Studio album by Kevin Moore
- Released: 1999
- Genre: Electronica
- Length: 66:20
- Producer: Kevin Moore

Kevin Moore chronology
|  | This Is a Recording (1999) | Memory Hole 1 (2004) |

= This Is a Recording (Kevin Moore album) =

This Is a Recording contains demos from the years 1994–1997. It is out of print, and Kevin Moore has publicly said that there will be no reprint.

==Track listing==
All music and lyrics by Kevin Moore, except "The Fucking Mouse" lyrics by Todd Farrington.

| No. | Title | Length |
|---|---|---|
| 1. | "Squelch" | 2:01 |
| 2. | "Hay Day. May Day. Help." | 4:28 |
| 3. | "Wednesday the Sky" | 4:44 |
| 4. | "Roll Away the Stone" | 3:46 |
| 5. | "Nora" | 4:58 |
| 6. | "On the Page" (early version) | 4:25 |
| 7. | "Blusong" | 4:28 |
| 8. | "S.O.S." | 7:24 |
| 9. | "Because the Plane Crashed" | 3:00 |
| 10. | "The Fucking Mouse" | 5:11 |
| 11. | "Shallow" | 3:04 |
| 12. | "Hollow" | 4:54 |
| 13. | "On the Page" (from 1995 Chroma Key demo) | 4:17 |
| 14. | "Watercolor" (from 1995 Chroma Key demo) | 4:22 |
| 15. | "Chromakey" (from 1995 Chroma Key demo) | 5:18 |

==Song information==
"Hay Day. May Day. Help", "Roll Away The Stone", "Nora", "Shallow" and "Hollow" are the remastered versions of songs previously released on Moore's demo tape titled Music Meant to Be Heard, which was distributed through Dream Theater fan clubs in 1995. "Hay Day. May Day. Help" was titled "Normal Words" on the original demo.

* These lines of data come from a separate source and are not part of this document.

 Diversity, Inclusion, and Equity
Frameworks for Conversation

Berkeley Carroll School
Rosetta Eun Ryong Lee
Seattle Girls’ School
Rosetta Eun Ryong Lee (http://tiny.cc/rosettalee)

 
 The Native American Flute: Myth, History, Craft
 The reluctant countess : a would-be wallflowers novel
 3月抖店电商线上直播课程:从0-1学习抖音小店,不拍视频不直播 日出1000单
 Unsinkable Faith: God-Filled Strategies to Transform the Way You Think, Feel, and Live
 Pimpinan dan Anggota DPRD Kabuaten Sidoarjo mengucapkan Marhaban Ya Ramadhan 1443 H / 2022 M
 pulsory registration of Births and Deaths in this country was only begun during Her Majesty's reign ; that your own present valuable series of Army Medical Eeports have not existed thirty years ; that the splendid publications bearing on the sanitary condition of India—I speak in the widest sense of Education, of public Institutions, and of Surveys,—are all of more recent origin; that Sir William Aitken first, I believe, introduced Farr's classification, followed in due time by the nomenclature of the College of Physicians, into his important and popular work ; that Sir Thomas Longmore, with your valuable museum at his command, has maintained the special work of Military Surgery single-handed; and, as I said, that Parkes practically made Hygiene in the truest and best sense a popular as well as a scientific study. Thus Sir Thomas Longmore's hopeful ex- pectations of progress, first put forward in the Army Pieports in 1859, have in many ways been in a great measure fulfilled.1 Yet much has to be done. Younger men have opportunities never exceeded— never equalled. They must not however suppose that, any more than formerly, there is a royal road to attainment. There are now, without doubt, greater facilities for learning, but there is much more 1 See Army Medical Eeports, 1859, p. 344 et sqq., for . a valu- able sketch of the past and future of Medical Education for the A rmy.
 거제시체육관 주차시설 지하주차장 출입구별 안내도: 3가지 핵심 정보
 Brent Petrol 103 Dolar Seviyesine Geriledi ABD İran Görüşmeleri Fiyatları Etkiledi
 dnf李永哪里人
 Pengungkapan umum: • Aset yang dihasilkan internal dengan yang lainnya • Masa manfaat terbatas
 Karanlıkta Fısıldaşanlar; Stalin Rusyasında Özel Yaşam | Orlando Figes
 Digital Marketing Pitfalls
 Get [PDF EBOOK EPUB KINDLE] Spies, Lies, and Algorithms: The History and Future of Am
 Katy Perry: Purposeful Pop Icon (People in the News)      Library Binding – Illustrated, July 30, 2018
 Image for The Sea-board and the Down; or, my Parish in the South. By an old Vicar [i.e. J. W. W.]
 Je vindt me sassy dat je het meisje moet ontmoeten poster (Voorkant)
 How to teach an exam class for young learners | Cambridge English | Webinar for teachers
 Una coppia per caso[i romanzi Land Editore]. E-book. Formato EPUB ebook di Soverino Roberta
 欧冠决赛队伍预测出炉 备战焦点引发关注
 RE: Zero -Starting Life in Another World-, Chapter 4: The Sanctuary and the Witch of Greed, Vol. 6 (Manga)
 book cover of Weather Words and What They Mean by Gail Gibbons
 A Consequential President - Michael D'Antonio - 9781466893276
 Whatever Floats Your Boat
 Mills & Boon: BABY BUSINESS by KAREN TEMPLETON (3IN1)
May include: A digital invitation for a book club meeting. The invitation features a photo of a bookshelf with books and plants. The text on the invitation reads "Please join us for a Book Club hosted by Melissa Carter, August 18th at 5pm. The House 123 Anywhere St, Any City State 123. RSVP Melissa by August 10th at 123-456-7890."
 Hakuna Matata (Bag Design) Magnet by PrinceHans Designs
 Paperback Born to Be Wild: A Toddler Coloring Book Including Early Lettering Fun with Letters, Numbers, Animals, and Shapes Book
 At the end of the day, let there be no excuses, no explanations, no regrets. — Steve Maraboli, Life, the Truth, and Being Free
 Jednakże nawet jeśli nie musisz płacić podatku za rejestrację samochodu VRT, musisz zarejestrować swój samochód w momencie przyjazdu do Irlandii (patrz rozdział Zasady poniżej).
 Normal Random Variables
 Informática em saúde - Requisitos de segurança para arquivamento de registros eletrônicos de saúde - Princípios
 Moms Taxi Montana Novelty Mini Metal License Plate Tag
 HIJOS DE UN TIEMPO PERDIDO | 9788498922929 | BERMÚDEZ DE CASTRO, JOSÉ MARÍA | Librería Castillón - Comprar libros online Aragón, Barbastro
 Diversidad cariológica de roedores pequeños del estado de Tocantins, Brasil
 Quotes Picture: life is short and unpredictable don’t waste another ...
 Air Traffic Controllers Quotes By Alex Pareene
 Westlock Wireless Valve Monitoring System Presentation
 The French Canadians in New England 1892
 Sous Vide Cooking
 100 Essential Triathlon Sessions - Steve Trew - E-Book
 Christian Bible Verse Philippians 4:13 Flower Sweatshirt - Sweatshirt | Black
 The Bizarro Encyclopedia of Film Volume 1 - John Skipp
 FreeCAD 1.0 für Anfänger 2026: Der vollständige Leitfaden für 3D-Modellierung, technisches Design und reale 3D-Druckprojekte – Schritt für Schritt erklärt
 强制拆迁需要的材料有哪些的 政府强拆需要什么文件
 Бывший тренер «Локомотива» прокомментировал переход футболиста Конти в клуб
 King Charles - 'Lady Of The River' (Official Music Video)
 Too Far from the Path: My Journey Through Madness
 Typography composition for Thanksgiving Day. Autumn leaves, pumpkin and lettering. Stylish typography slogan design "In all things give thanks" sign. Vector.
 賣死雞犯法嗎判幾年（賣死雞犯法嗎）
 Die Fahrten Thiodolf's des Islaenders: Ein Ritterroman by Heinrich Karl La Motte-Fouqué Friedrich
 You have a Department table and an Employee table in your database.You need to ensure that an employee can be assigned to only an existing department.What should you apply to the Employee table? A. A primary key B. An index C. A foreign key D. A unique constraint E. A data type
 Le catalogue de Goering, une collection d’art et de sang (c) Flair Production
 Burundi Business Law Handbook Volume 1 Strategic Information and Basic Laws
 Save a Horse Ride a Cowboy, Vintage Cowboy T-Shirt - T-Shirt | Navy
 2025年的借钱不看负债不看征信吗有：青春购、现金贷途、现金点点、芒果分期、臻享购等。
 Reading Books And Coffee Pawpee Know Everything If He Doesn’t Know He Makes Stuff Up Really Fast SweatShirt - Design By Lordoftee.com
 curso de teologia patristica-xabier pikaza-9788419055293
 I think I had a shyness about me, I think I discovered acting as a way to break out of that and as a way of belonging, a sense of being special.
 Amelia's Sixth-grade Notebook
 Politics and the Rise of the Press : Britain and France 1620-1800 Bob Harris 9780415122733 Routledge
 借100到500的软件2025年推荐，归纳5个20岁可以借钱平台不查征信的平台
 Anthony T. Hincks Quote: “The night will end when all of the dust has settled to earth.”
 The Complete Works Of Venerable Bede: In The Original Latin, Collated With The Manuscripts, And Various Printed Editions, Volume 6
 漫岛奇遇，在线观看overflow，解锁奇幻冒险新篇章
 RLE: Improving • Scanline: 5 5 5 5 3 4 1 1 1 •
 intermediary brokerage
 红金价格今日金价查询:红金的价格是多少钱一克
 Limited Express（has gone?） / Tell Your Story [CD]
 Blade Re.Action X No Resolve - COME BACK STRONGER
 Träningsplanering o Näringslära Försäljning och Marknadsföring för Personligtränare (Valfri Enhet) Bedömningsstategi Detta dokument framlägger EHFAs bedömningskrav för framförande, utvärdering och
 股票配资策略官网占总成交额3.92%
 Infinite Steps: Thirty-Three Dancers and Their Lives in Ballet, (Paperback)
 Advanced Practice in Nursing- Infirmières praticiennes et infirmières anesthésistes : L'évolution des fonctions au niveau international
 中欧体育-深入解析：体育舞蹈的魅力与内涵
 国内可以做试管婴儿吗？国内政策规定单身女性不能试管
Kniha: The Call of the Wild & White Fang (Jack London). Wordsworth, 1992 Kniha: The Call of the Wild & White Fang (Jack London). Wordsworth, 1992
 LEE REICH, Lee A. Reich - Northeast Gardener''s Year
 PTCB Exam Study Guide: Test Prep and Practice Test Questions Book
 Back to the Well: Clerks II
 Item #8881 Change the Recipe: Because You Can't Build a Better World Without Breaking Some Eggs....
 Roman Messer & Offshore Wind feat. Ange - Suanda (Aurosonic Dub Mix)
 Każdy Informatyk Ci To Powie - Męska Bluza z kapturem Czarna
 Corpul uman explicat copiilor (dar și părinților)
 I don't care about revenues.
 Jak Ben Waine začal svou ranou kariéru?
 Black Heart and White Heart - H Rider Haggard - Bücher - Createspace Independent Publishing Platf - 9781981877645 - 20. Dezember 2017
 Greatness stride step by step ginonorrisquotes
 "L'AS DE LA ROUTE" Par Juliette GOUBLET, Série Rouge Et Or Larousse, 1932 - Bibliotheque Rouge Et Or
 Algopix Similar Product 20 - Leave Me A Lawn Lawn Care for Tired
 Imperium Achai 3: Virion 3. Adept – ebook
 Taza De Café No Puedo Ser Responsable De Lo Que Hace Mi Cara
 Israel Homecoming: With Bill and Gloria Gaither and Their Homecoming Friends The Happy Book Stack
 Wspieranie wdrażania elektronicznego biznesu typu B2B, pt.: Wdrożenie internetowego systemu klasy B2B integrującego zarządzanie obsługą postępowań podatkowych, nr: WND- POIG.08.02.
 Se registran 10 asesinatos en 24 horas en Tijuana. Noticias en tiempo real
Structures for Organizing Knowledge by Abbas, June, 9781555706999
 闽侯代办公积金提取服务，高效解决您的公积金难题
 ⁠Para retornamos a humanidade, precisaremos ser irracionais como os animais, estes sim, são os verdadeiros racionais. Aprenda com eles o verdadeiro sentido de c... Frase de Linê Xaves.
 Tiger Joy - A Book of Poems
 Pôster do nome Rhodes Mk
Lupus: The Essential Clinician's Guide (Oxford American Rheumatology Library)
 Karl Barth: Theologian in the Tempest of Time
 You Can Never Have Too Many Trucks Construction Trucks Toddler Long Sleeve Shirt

"Wednesday The Sky" is musically an early version of the song "S.O.S" from Chroma Key's first album Dead Air for Radios, although lyrically it's completely different.

"On The Page" (Track 6), "S.O.S" and "The Fucking Mouse" are the early versions of the songs (the latter being re-titled to "Mouse (Now Watch What Happens)") from Dead Air for Radios. "On The Page" (Track 13), "Watercolor" and "Chromakey" were recorded as Chroma Key in 1995, the latter two songs not making to the final version of Dead Air for Radios.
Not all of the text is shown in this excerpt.